My psychotherapist meant that literally.
I am not a morning person. I wasn’t as a child, teen, young woman and now at middle-age. In college I earned a “C” in Classical Mythology because it was an 8 am class and I simply couldn’t wake up early and easily enough to not be late or even to make it at all. I was carrying 18 credits a semester, working full-time, and was pooped.
For a long time, I thought that something was “wrong” with me because I wasn’t a “morning person.” Then my therapist spoke the headline sentence that would change how I viewed myself at the time (as “broken” in some way).
Gina, some people just take a long time to wake up.
Truly, I didn’t know that. I had grown up in a toxic family-of-origin where one of my survival strategies was to live by human behavioral templates. That I made up. I didn’t have people around me to model behavioral spectrums and nuance.
They didn’t have the tool kit, so I didn’t have the tool kit.
Innumerable life transformations occurred for me during what became long-term psychotherapy. Among them, I was developing a tool kit.

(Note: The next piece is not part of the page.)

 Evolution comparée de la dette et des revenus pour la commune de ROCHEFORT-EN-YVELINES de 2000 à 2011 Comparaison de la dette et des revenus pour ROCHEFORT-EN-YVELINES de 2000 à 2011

Learning and living the reality that people’s behaviors are not monolithic is a significant relational tool.
Some behaviors are healthy, some are not. And you have both and everything in between in the same person in gradations of light and shadow.
The Plus in Prozac Plus
My therapist’s comment helped me begin the journey of thinking of myself as a whole person with daily changeable range and nuance, rather than as a dichotomous good-or-bad human.

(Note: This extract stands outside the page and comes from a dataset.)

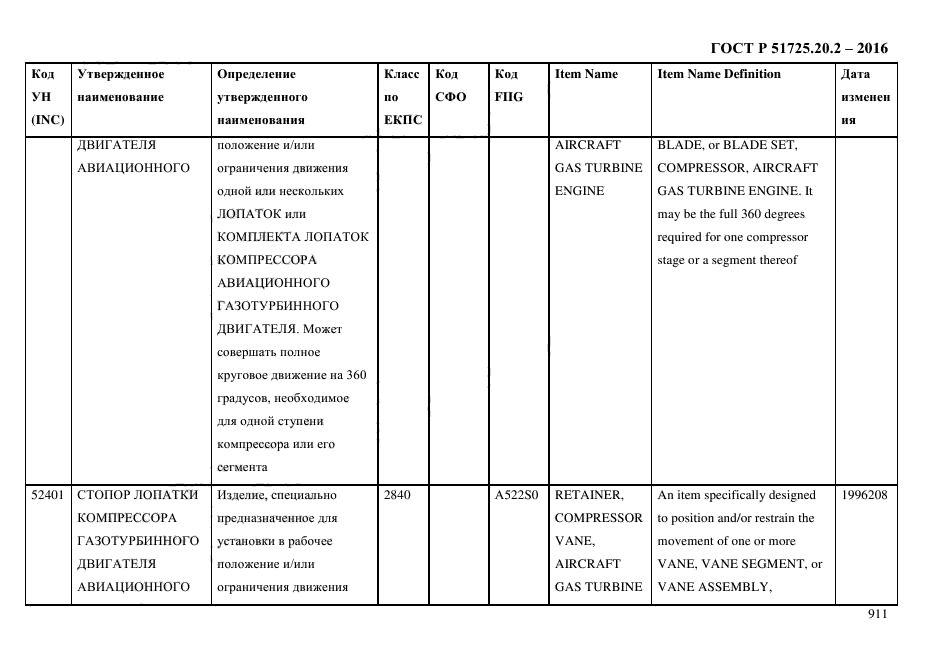 ГОСТ Р 51725.20.2-2016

That increased my sense of self; I stopped comparing me to others and demonizing my behavior.
People in my life – friends, lovers, workmates – who I had placed on pedestals, I now understood as simply human and imperfect. And behavior I once viewed as superior to mine I saw in more approachable light.
Once I stopped deifying them, I became less anxious about drawing boundaries. In the past, drawing boundaries meant risking relationships.
After my epiphany I decided if I didn’t feel safe enough to set boundaries in a particular relationship, then it was one I didn’t want. The fear of abandonment gradually waned.